● INPUT FOR THIS TASK:
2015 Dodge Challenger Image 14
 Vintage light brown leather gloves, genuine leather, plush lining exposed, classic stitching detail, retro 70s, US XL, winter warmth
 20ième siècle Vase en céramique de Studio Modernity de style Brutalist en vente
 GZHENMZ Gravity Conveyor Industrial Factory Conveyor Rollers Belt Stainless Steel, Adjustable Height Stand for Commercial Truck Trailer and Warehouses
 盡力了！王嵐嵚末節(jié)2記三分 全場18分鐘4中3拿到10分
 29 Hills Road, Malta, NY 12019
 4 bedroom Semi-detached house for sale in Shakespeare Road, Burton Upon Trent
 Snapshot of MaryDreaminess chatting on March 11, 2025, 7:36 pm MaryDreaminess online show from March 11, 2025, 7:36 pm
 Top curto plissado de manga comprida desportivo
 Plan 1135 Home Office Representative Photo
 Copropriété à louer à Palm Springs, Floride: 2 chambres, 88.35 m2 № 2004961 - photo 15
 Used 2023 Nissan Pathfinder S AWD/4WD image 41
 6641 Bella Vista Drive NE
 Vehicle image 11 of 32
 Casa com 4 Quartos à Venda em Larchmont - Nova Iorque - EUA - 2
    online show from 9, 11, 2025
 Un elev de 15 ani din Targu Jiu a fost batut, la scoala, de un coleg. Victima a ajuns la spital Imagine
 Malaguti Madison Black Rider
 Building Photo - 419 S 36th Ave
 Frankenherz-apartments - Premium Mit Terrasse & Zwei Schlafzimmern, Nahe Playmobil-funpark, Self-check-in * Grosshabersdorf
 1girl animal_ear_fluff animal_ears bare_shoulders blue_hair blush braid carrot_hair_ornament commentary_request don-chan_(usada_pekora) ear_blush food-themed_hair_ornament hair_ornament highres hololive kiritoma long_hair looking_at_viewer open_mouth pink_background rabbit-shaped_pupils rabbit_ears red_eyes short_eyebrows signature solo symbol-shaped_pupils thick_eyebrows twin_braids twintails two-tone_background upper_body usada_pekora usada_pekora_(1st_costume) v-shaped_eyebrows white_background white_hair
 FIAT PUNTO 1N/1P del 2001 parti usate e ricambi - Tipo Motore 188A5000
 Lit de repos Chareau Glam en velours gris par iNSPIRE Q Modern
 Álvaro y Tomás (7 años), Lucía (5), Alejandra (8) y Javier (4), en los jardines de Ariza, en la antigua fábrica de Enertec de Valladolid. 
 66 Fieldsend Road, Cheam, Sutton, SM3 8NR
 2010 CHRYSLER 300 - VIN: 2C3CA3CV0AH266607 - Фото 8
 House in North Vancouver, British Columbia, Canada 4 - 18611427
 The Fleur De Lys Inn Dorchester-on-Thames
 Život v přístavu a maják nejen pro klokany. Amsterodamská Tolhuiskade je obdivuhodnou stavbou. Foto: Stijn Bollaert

● TO DO:
An exact copy of the lines from the one containing "2010 CHRYSLER 300" through the end of the entries is required, and nothing beyond them.

● YOUR RESPONSE:
 2010 CHRYSLER 300 - VIN: 2C3CA3CV0AH266607 - Фото 8
 House in North Vancouver, British Columbia, Canada 4 - 18611427
 The Fleur De Lys Inn Dorchester-on-Thames
 Život v přístavu a maják nejen pro klokany. Amsterodamská Tolhuiskade je obdivuhodnou stavbou. Foto: Stijn Bollaert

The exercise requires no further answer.